«And some people say that it's just rock 'n' roll. Oh but it gets you right down to your soul» NICK CAVE

sábado, junho 19, 2010

Saramago

O adeus a um grande vulto da cultura portuguesa
fotogaleria Público

«Escrevemos porque não queremos morrer», disse Saramago a uma entrevista do Diário, em 1994.

A luta contra a morte e pela permanência é o que norteia, de forma explícita ou implícita, as acções do ser humano.

O resto é a luta pela felicidade e bem-estar diários, em busca de estonteamentos ou escapes que nos façam suportar melhor uma realidade contígua à morte: a fragilidade ou precariedade da própria vida.

Uns rezam, outros bebem, outros escrevem, outros vêem futebol, outros ouvem música, outros lutam por causas, outros lutam por poder, outros amealham dinheiro, outros têm filhos, outros fazem sexo como se a vida fosse acabar amanhã, entre outros estonteamentos. Alguns, mais emocionais ou sensíveis ou conscientes, precisam de vários estonteamentos...

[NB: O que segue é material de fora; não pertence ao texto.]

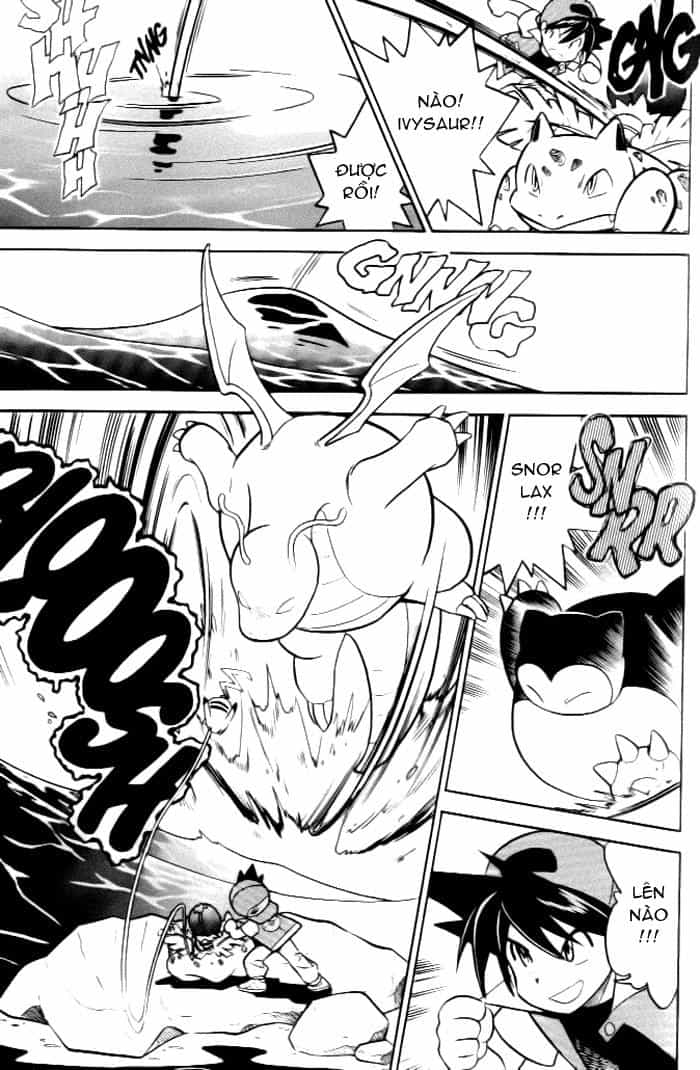 Pokemon Special - Chương 24 - ảnh 6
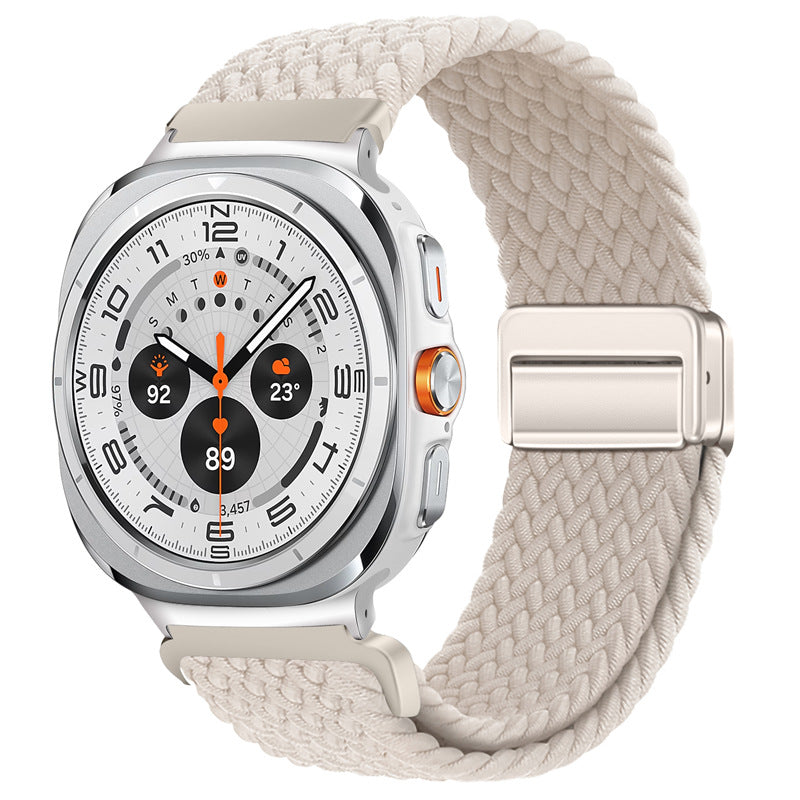 Secure Buckle Strap for Samsung Galaxy Watch Ultra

Disse então Saramago, ao jornal já citado: «Creio que a grande questão humana é, de facto, a morte. O que está antes disso pode ser vivido de uma maneira a que chamamos feliz ou infeliz. Nós enchemos a vida (embora nem sempre) com sentimentos, situações, emoções, paixões, ódios... tudo isso com que se faz a matéria romanesca. No fundo, as situações de ficção não são muitas (...) Mas a vida, que não sabemos exactamente o que seja, é a grande questão. E passa-se num planeta que não sabemos para que serve, e que está num sítio qualquer do espaço, num universo com uma dimensão que não podemos sequer imaginar. É esta insignificância que somos, porque de facto é isso que somos, seres insignificantes, seres de vida curta, durante a qual, se procura, se se é escritor, colocar a si próprio e ao leitor todas as questões que resultam de sermos precários e termos consciência disso. No fundo, o que é escrever? (...) Eu disse um dia, e durante algum tempo repeti (...): 'Nós escrevemos porque não queremos morrer. É o desejo de que aquilo que se faz dure mais do que nós próprios. (...) até os simples pais e mães de família, que deixam filhos, exprimem esse desejo de permanecer».

No Diário pode ler-se ainda: Saramago admitia então existir «muito de existencialismo no meu trabalho. Não como filosofia, mas como atitude de vida». O que o interessava, acima de tudo, era «a pessoa (...) como parte de uma sociedade». Tal como admitia uma certa religiosidade, apesar da forma iconoclasta como reagia às religiões organizadas. Isto, «no sentido etimológico da palavra, no sentido original (...), da ligação ao Cosmos, embora eu não goste de grandes palavras, desse tipo de retórica». Estava muito consciente da relatividade dos conceitos do Bem e do Mal , e do modo como a vida das pessoas é feita «de fraquezas e debilidades». Mas mantinha um sentido moral que o guiava rumo à relação humana.